Evaluation Utilization – 1.01 Internal and External Feedback
Now is a good time to review the initial stakeholder map created during the planning phase. In light of the results of the evaluation, consider whether the stakeholders you identified previously would be interested in any aspect of your findings.
By their nature, internal and external stakeholders are likely to have different interests in a given program. Even among the internal or external groups there can be a lot of diversity of interests or connections to the program. Internal stakeholders might include participants themselves, facilitators or volunteers involved with the program, organization leaders who are close to the program or who are in the process of making decisions about new funding or about the best use of staff and other resources. External stakeholder often include funders, but may also be connected to the program in other ways – as collaborators (or perhaps even competitors), groups with ties to the community or region affected by the program, decision-makers other than funders, community members, voters, and so on. The high-priority internal and external interests and needs might have provided one or more of the priorities for your evaluation. If so, then your evaluation planning has probably anticipated what kinds of information, results, and interpretations you intend to share with these priority stakeholders. Feedback could take many forms: formal written reports, structured group presentations, more informal or brief summaries, or discussions in staff meetings or public meetings, and so on.

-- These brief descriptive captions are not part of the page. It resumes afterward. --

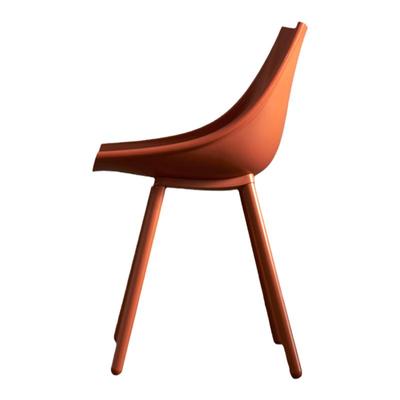 造作丝绸椅设计师餐椅现代多功能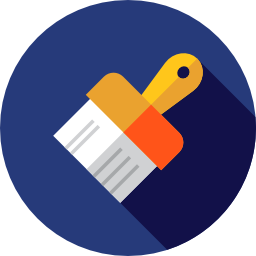 Paint brush - Free Tools and utensils icons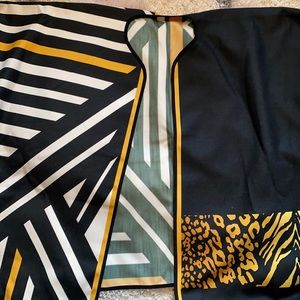 Sassy Jones Zanzibar Poncho in Black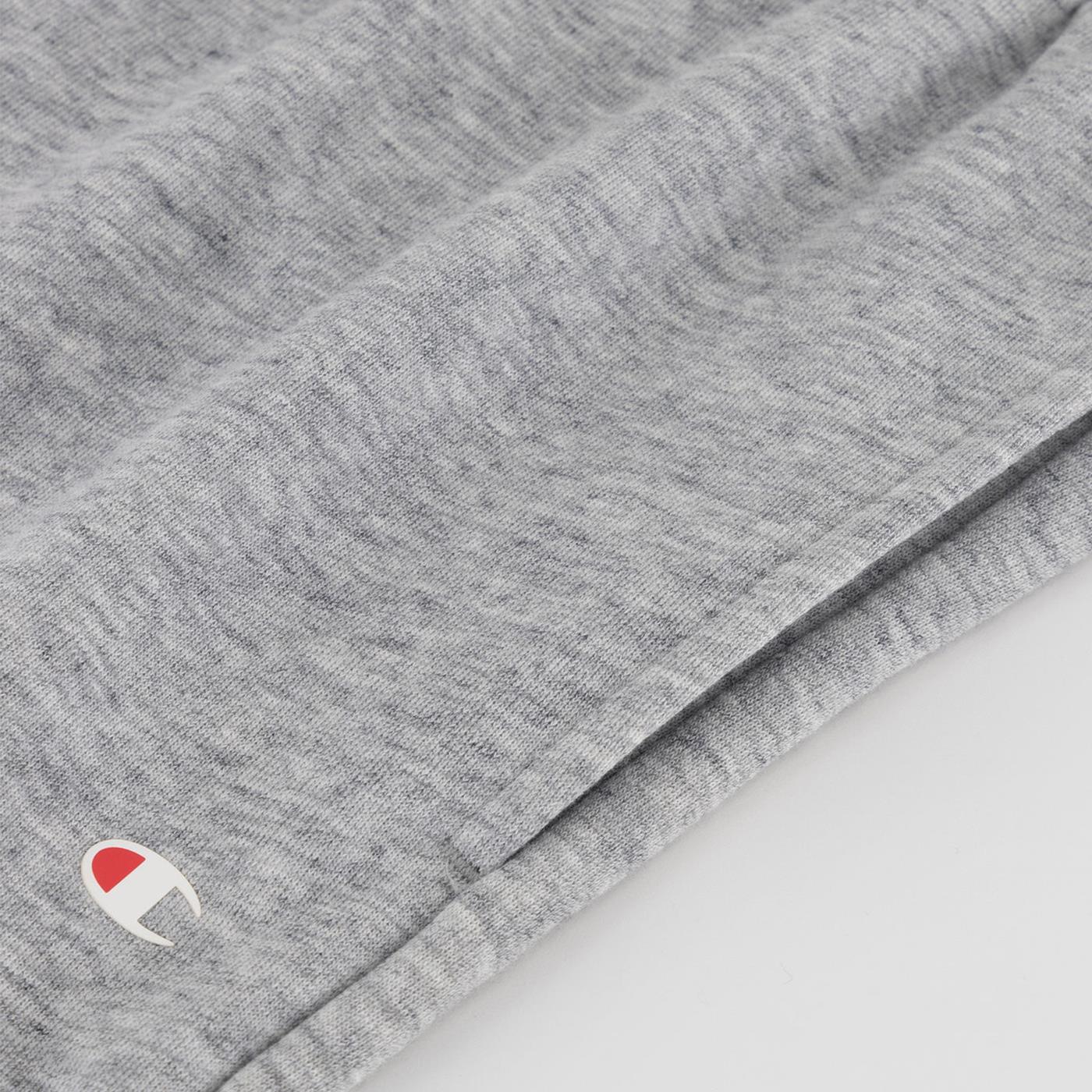 Champion Rib Cuff Pants Grey Melange - 218704-EM021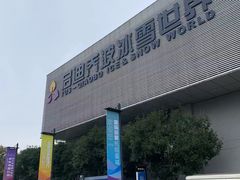 -绍兴启迪乔波冰雪世界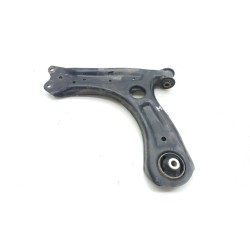 Recambio de brazo suspension inferior delantero izquierdo para volkswagen polo v (6r1, 6c1) 1.4 tdi referencia OEM IAM  6R040715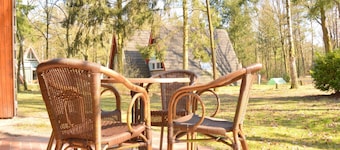Holiday Home in Stramproy Nature Reserve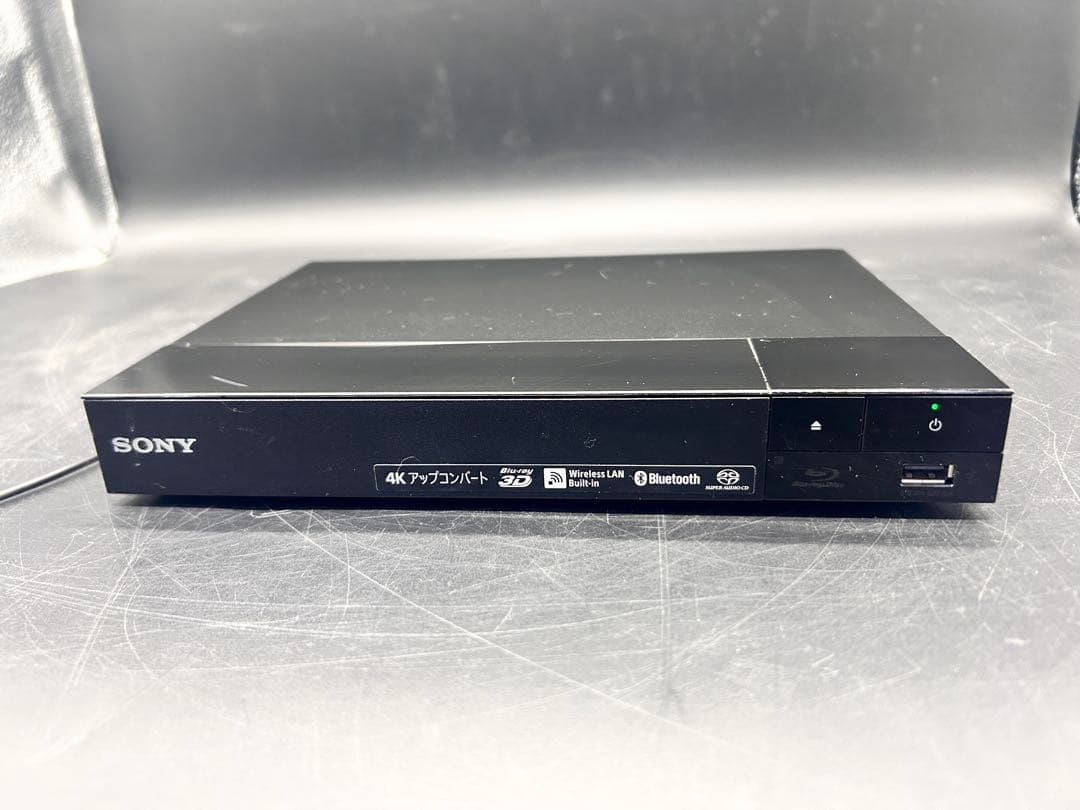 SONY Blu-rayディスクプレイヤー BDP-S6700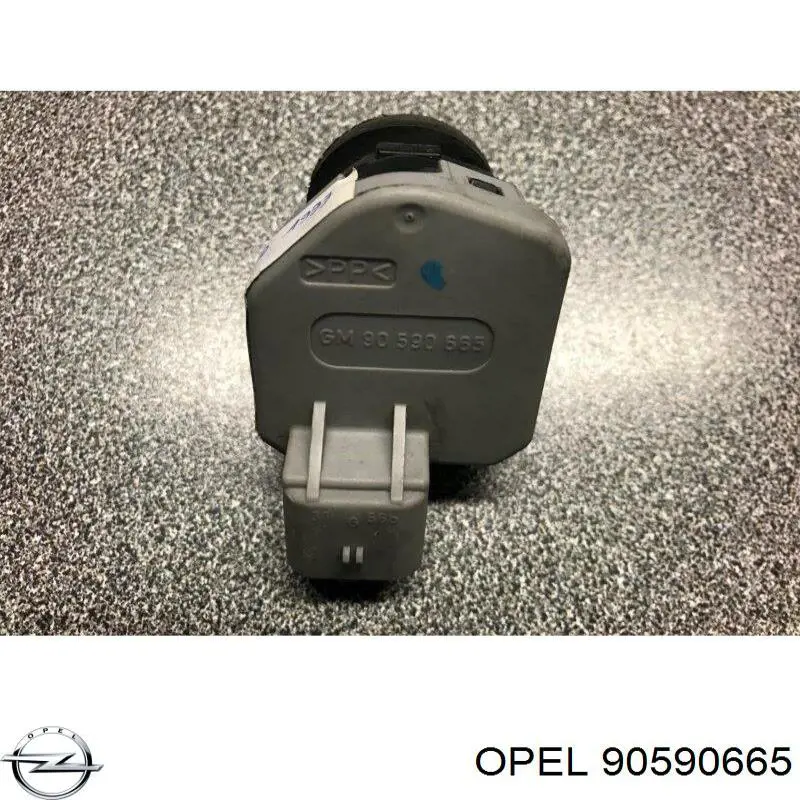 Коректор фар 6207044 Opel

Stay alert, also, for side-discoveries or surprises that emerged in the course of the evaluation that might be of interest to these or to other internal or external stakeholders. For example, even if funder priorities led you to focus the evaluation on specific program outcomes, you might have had responses to open-ended survey questions or responses in interviews that brought to light an unanticipated benefit of the program. The funders should be informed of this, of course, but this “news” would also be of interest to staff who have worked hard on the program, or volunteers who have given time and energy to the work, or the marketing department that will obtain a new way of promoting the organization. External audiences might also be relevant to some of these unanticipated findings. Moreover although negative results can be difficult to report on, it is important to keep in mind the ultimate goals of the program. If seemingly negative results lead to a redirection of effort in more productive directions, that truly is a good thing.
Whatever the nature of your results, be sure to tailor your feedback to the specific audience to which you will be presenting it. Internal audiences could be presumed to already know enough about the program, but this might not always be the case. So even for internal reports be mindful of program-specific jargon, and be attentive to the background level of knowledge that people are likely to have. This is even more true for external audiences. Succinct feedback that covers what people actually need to know in order to make their own assessments and interpretations are essential.